1. CONTRACT TERMS; ACCEPTANCE BY RECIPIENT
Seller hereby expressly rejects any terms or conditions that are different from these Terms and Conditions, whether such different terms are set forth on the Order or in any other document exchanged by the parties. Neither Seller’s delivery of the Products, nor any other action, conduct, or performance shall constitute acceptance of terms or conditions different from these Terms and Conditions. Recipient shall be deemed to have accepted these Terms and Conditions by issuing an Order or by any other statement or e-mail, act, course of conduct, dealing, or performance constituting acceptance under applicable law, including failure to object in writing to these Terms and Conditions within a reasonable time or by acceptance or use of the Products.

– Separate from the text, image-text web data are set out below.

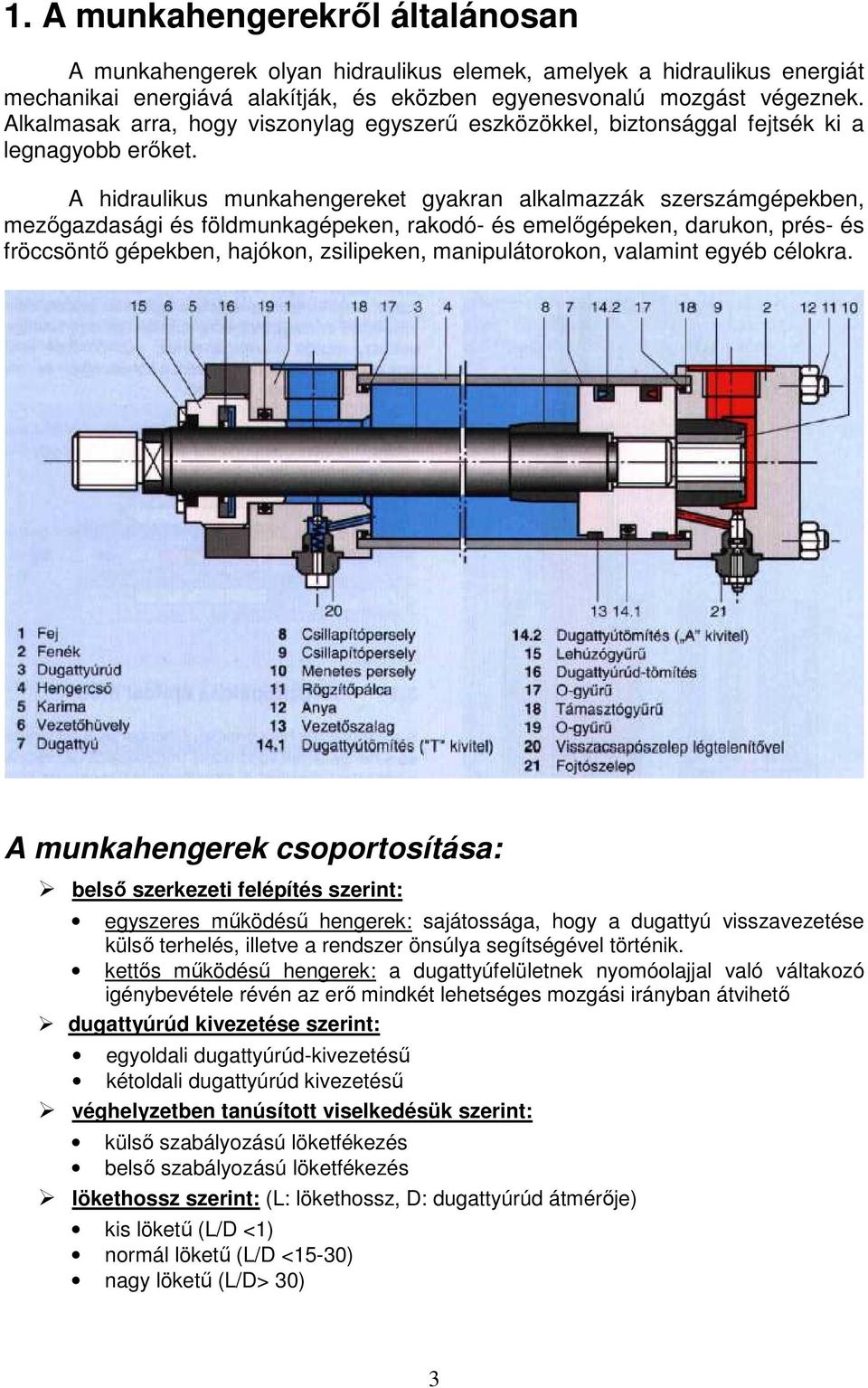 A hidraulikus munkahengereket gyakran alkalmazzák szerszámgépekben, mezıgazdasági és földmunkagépeken, rakodó- és emelıgépeken, darukon, prés- és fröccsöntı gépekben, hajókon, zsilipeken,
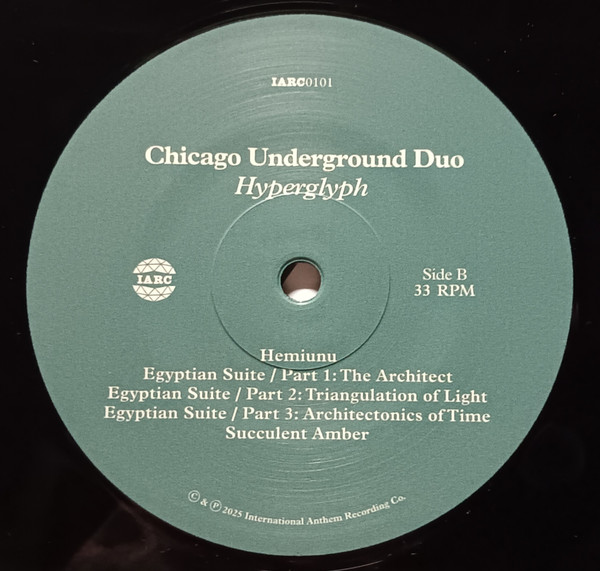 Chicago Underground Duo - Hyperglyph | International Anthem Recording Company (IARC0101) - 4
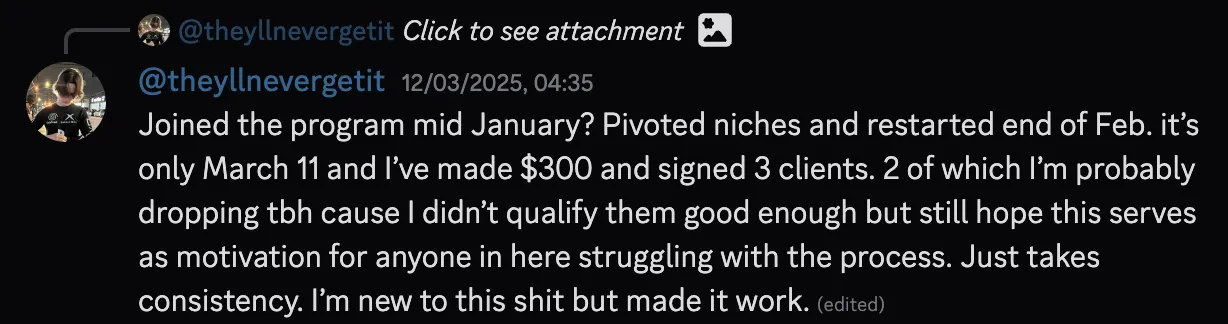 @theyllnevergetit — $300 made and 3 clients signed in ~2 weeks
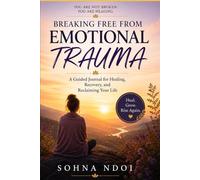 Breaking Free From Emotional Trauma: A Guided Journal for Healing, Recovery, and Reclaiming Your Life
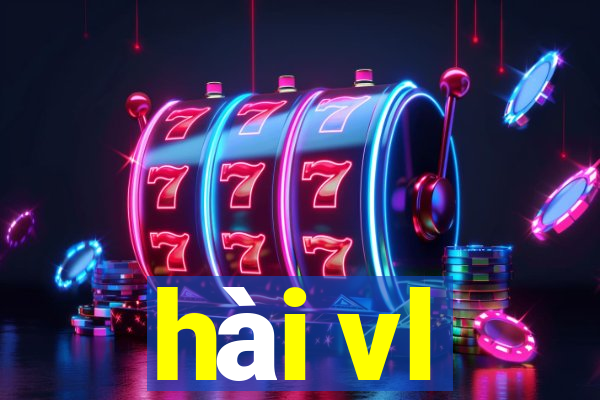 hài vl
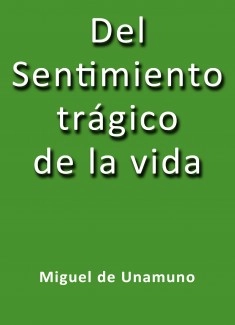 El sentimiento trágico de la vida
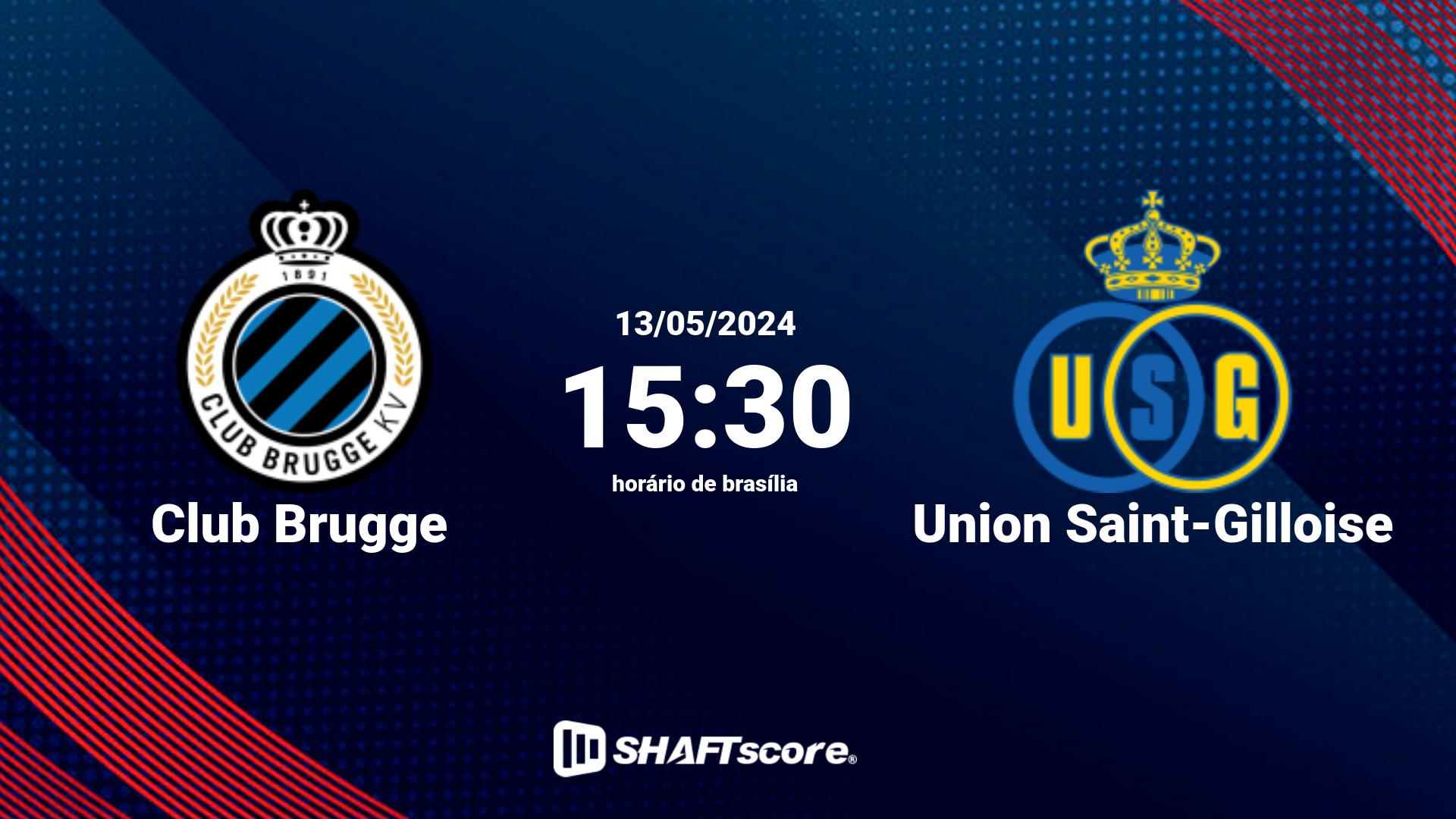 Estatísticas do jogo Club Brugge vs Union Saint-Gilloise 13.05 15:30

2. PRICES AND PAYMENT TERMS
The prices for the Products shall be as stated on an applicable Order (the “Prices”). Payment of the Prices in connection with any Order is due in full thirty (30) days from the invoice date. Invoices shall be issued upon or after the delivery of the Products to Recipient or Recipient’s agent. Recipient acknowledges that Seller’s credit department may, in its sole discretion, impose more stringent payment requirements, including requiring payment in advance or requiring provision of an irrevocable letter of credit. Should Recipient become delinquent in payment of any sum due hereunder, Seller shall not be obligated to continue performance under these Terms and Conditions. Any amounts not paid when due will be subject to a service charge of one and one-half percent (1.5%) of the amount due per month or the highest rate permitted under applicable law, whichever is less. Seller shall be entitled to recover all reasonable costs of collection (including reasonable attorneys’ fees, expenses, and costs) incurred in attempting to collect undisputed payments from Recipient that are more than sixty (60) days delinquent. Recipient shall pay all sales, use, value-added, excise, or similar taxes and duties and any shipping, delivery, and related insurance costs applicable to the Products. In lieu of certain tax payments, Recipient may provide Seller with a tax exemption certificate acceptable to the taxing authorities. Recipient agrees to reimburse Seller for any such amounts which Seller incurs on behalf of Recipient. All payments to Seller shall be made in U.S. Dollars.
3. SECURITY INTEREST
If Recipient fails to pay the total sum due hereunder within sixty (60) days of shipment, Seller hereby reserves and Recipient hereby grants a purchase money security interest in the Products sold hereunder and the proceeds thereof. In the event of default by Recipient of any of its obligations to Seller, Seller shall have the right to repossess the Products sold hereunder without liability to Recipient. Recipient hereby authorizes Seller to file one or more financing statements signed only by Seller without Recipient’s signature and to use a copy of these Terms and Conditions as an exhibit to any financing statement. Upon request of Seller, Recipient agrees to promptly execute financing statements and such other instruments as Seller desires to perfect or maintain its security interest.
4. ORDER CHANGES
Recipient may cancel an Order or modify the delivery dates, quantities, specifications, or other terms of an Order, only with the prior written consent of Seller.
5. DELIVERY AND TITLE
Seller shall use commercially reasonable efforts to deliver Products to Recipient by the delivery dates specified on an applicable Order; provided, however, that any changes in such Order made pursuant to Section 4 will likely result in delayed deliveries. Recipient hereby acknowledges and agrees that several other variables may affect such delivery date, including the weather, material accessibility, and subcontractors’ completion of work, all of which may delay the delivery date. Unless otherwise set forth in an Order, all Products are sold FOB Seller’s facility. Products are delivered when Seller loads them onto the commercial carrier at Seller’s facility. At this point, Recipient becomes responsible for risk of loss and damage. If any Product is lost or damaged while it is being transported, Seller will use reasonable efforts to assist Recipient in resolving the issue with the carrier. Seller does not clear the Products for import into Recipient’s country. Doing so is Recipient’s responsibility. Title to the Products will pass to Recipient upon our delivery of the Products to the carrier.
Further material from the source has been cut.